START Input material

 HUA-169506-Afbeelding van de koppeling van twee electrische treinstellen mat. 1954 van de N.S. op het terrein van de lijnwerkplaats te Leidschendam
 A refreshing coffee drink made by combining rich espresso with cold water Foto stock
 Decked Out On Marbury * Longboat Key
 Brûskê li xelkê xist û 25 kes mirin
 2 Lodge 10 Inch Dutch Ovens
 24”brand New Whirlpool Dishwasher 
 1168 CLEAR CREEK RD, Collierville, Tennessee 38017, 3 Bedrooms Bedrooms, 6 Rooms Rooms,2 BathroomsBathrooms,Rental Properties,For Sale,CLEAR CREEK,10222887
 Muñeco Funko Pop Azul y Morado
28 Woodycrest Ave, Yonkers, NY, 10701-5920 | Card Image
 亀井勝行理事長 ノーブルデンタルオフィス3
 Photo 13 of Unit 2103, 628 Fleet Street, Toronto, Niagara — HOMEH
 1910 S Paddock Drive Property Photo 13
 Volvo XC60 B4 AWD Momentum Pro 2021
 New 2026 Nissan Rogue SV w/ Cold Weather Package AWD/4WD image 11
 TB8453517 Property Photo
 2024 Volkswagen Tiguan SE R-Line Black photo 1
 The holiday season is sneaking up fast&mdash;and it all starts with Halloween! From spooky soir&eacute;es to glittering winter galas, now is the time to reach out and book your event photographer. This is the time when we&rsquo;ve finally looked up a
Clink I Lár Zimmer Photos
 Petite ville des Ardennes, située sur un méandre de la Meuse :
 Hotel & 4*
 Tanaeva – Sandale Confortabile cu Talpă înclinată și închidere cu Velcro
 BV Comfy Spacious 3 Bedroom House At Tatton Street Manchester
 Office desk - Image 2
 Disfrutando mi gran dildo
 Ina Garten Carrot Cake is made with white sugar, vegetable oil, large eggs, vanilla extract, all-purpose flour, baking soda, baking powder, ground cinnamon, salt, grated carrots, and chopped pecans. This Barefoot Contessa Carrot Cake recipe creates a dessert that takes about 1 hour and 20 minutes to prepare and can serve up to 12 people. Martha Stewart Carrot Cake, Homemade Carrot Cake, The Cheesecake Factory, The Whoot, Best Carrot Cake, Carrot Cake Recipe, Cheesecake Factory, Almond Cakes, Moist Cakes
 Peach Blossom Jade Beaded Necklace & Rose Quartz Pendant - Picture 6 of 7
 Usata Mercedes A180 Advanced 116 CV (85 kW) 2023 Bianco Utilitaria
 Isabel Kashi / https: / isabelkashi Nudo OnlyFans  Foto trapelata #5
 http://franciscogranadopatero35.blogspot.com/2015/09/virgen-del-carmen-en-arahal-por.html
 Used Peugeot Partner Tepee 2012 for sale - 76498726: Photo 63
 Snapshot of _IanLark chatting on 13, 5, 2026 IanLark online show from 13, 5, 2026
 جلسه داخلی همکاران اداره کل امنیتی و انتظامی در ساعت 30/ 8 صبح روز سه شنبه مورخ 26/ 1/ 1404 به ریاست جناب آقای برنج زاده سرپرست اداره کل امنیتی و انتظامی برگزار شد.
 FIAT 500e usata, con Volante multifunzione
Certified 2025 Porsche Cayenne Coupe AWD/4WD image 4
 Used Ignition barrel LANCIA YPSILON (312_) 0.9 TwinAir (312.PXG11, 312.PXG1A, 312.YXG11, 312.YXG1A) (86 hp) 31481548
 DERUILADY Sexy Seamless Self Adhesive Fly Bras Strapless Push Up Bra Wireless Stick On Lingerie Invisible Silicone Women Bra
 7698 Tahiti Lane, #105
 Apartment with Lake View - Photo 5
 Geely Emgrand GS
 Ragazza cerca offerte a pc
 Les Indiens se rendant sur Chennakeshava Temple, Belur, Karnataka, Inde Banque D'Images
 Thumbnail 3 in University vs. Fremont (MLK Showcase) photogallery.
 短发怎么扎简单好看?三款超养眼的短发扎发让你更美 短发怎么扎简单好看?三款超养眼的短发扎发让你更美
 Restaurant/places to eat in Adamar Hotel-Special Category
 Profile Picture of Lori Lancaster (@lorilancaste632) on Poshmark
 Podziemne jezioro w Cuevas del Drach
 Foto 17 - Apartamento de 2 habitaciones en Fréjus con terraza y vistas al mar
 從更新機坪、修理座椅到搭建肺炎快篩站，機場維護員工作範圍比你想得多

END Input material

• [Brief]: The answer must be every line of the entries that includes the word "Used".

• [Output for this exercise]:
 Used Peugeot Partner Tepee 2012 for sale - 76498726: Photo 63
 Used Ignition barrel LANCIA YPSILON (312_) 0.9 TwinAir (312.PXG11, 312.PXG1A, 312.YXG11, 312.YXG1A) (86 hp) 31481548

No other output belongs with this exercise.